The rally in stocks off the bottom in 2009 has been one for the record books, and one I didn’t see as lasting more than a few months. With the government running massive deficits, the national debt screaming higher, record numbers of people signing up for food stamps and Medicaid each month, there seemed little reason to think the economy would grow strongly enough to justify rising stock prices.
As it turned out, I was dead right on that one. Where I was dead wrong is in the degree of financial engineering to come from the Federal Reserve and corporate America. I freely admit missing that the Fed would keep interest rates at zero for a full six years while still today assuring us that those rates will stay at that crisis-level low ‘’for a considerable period of time’’.
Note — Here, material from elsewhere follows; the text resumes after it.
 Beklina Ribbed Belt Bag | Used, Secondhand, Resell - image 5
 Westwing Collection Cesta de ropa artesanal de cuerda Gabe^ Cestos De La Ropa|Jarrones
Why so low, and for so long? Rates at zero percent are what would only be expected during a severe economic recession, or depression. Isn’t the Fed confirming my bearish outlook for the economy?
Speaking of interest rates, bond yields are also scraping the floor. Government bond yields in the U.S., most of Europe and japan are sitting at all-time lows. By all-time lows, I mean those rates have never been lower in the history of those countries. Now, bonds are seen as ‘’safe havens’’. If rates are at record lows, bond prices are at record highs, signaling record demand.
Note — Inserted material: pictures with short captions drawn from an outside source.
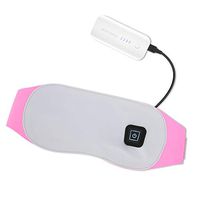 Heating Belt, USB Rechargeable Ultra Thin Lower Back Abdomen Waist Heat Therapy Heating Support Stomach Pain Relief Brace Belt Wrap for Women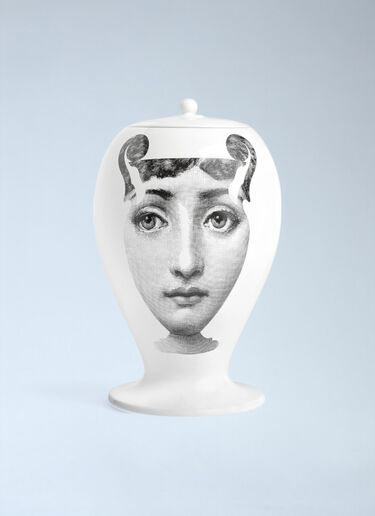 Fornasetti Sagome di Vasi Vase White wps0691872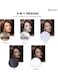 Generic 110Cm 5-In-1 Photography Reflector Set - Portable Collapsible Multi-Disc Reflector With Bag For Professional Photo Lighting, Ideal For Portrait, Product, And Fashion Photography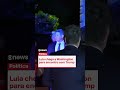 Lula chega a Washington para encontro com Trump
If the economy is recovering and stocks are cheap, why is there so much demand worldwide for safer options? Are you starting to see where my confusion took root?
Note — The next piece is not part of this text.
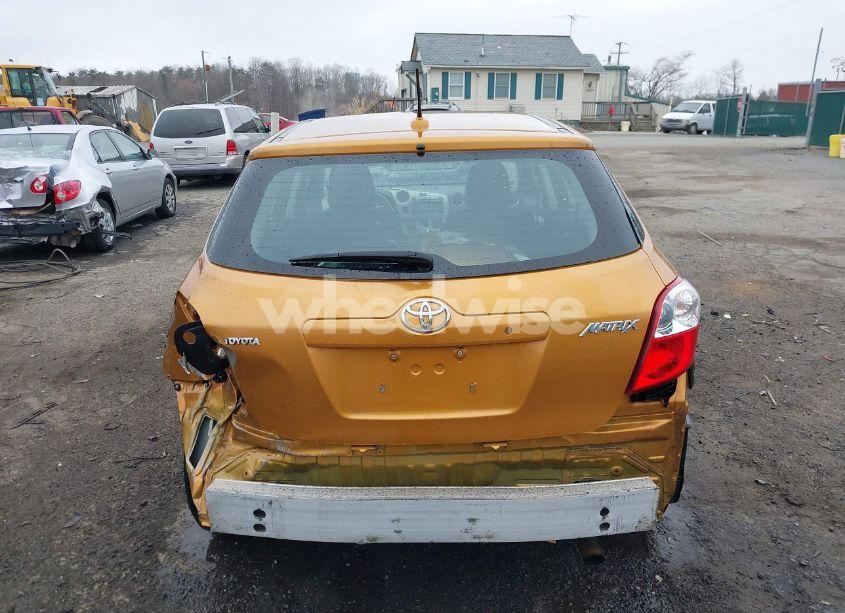 Photo 6 of 2009 Toyota Matrix (VIN 2T1KU40EX9C083794)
Now, bond yields sit at record lows in large part due to the Fed’s vocal support of them, and the stunning amount of money printing seen to support that sector. Over the past four years the Fed has printed four trillion dollars which they used to buy government debt and mortgage bonds.
That could be the main reason for my miss on the stock rally. I never imagined that the Fed would, or legally could, keep the discount rate at zero percent, or that they would swell their own balance sheet from $800 billion to the current $4.5 trillion. I’ve seen it, but still don’t believe it.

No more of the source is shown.